Supplied material:
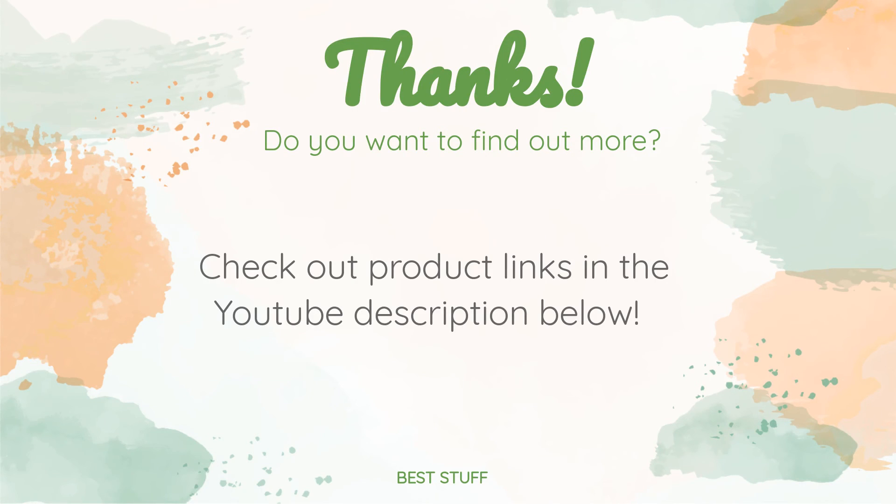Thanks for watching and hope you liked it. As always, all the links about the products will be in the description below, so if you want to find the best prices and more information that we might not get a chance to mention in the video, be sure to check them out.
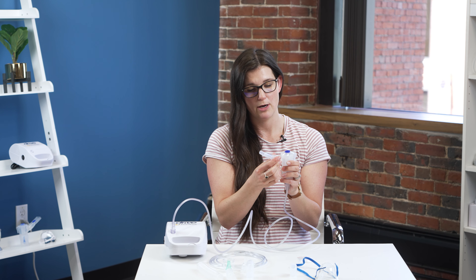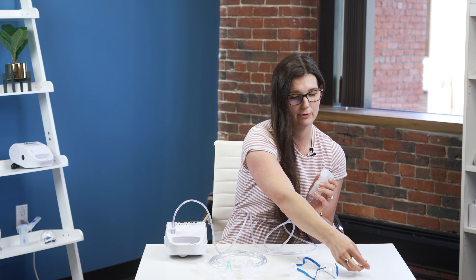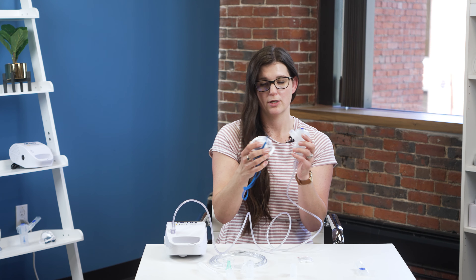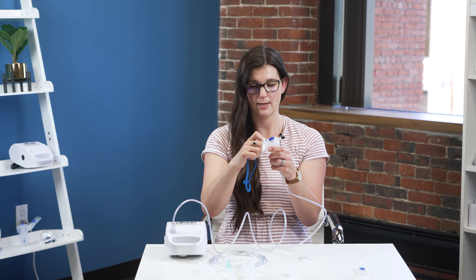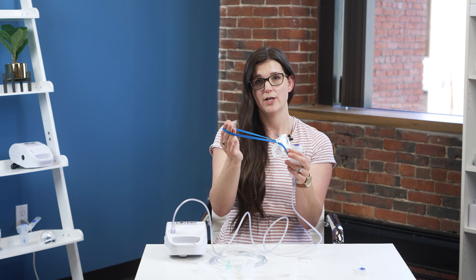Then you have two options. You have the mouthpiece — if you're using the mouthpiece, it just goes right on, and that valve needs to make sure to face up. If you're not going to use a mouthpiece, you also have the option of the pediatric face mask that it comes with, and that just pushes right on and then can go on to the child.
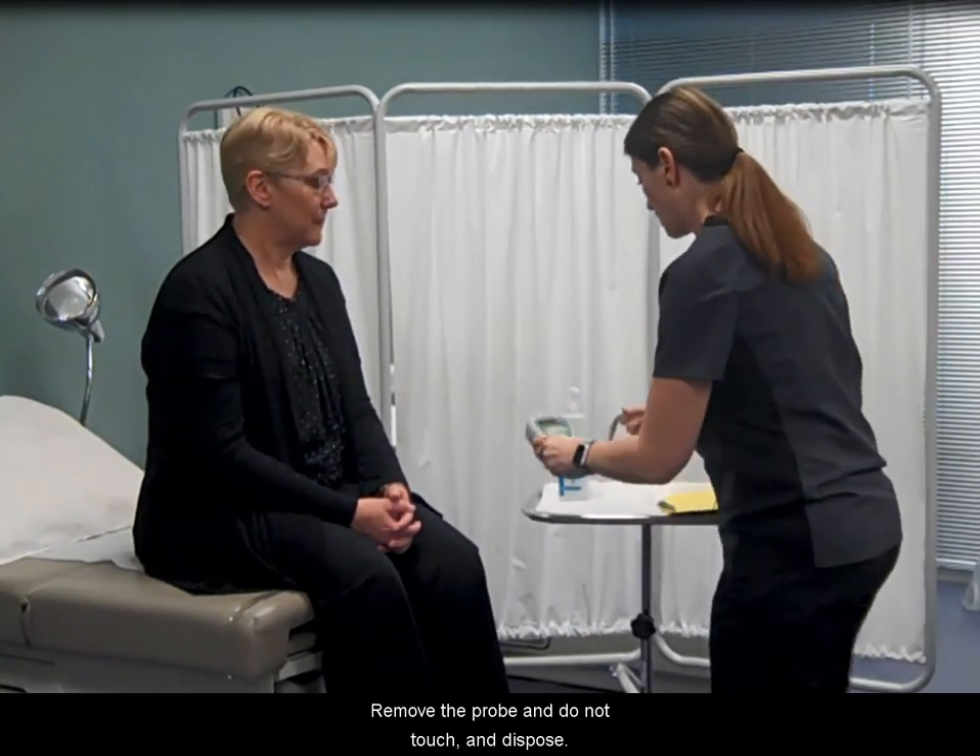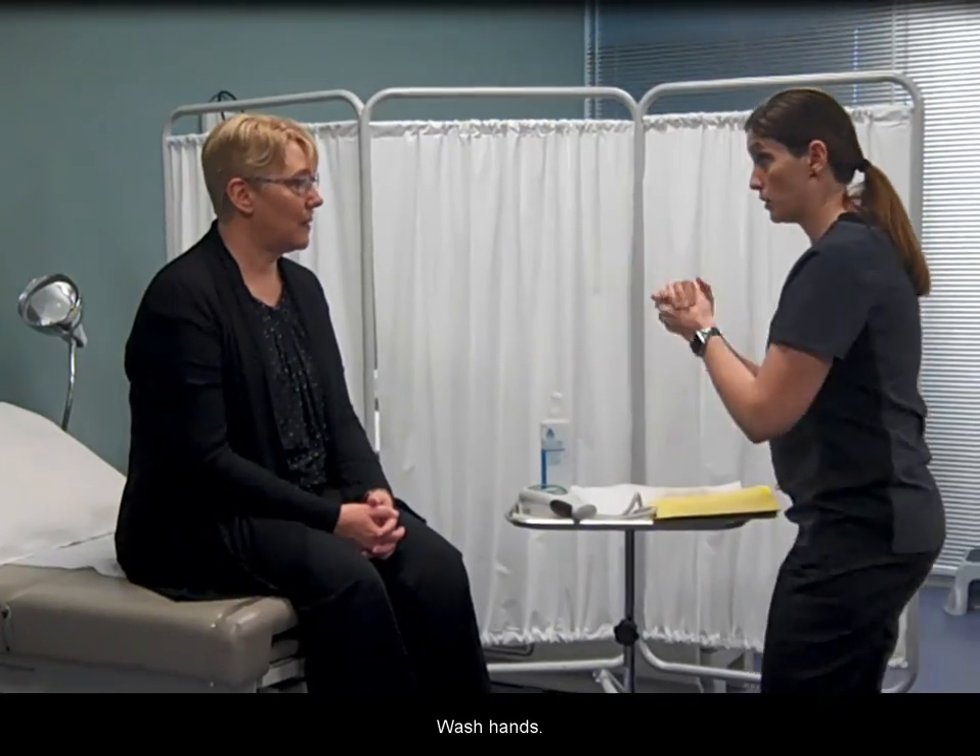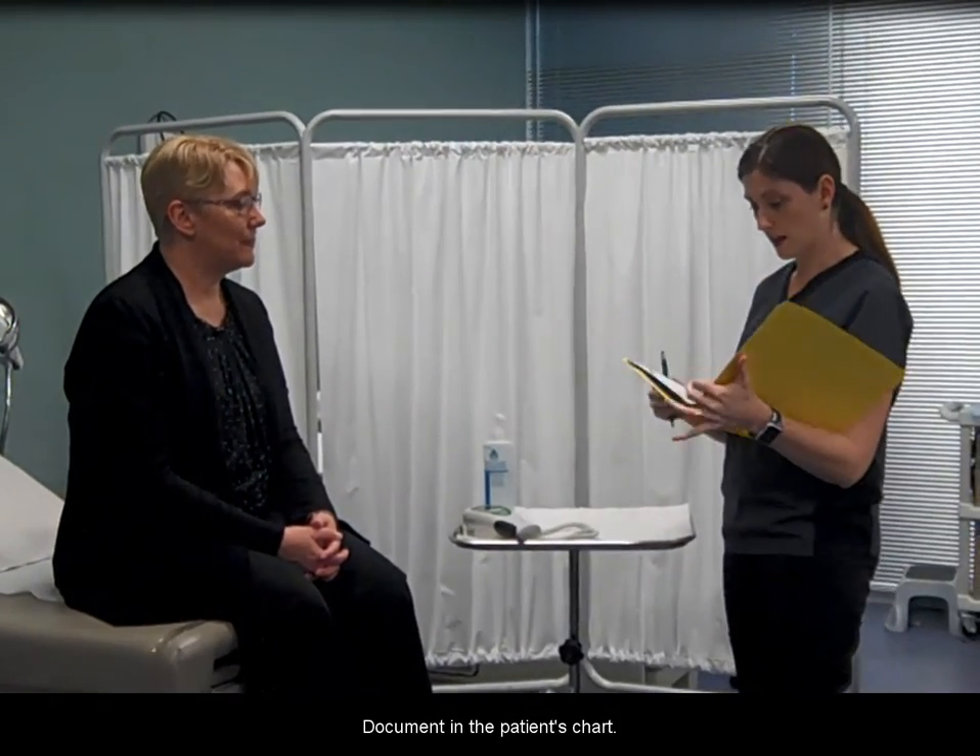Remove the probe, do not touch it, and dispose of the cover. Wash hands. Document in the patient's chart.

Exercise:
I'd like the material repeated word for word, without the pictures it holds.

Solution:
Thanks for watching and hope you liked it. As always, all the links about the products will be in the description below, so if you want to find the best prices and more information that we might not get a chance to mention in the video, be sure to check them out.
Then you have two options. You have the mouthpiece — if you're using the mouthpiece, it just goes right on, and that valve needs to make sure to face up. If you're not going to use a mouthpiece, you also have the option of the pediatric face mask that it comes with, and that just pushes right on and then can go on to the child.
Remove the probe, do not touch it, and dispose of the cover. Wash hands. Document in the patient's chart.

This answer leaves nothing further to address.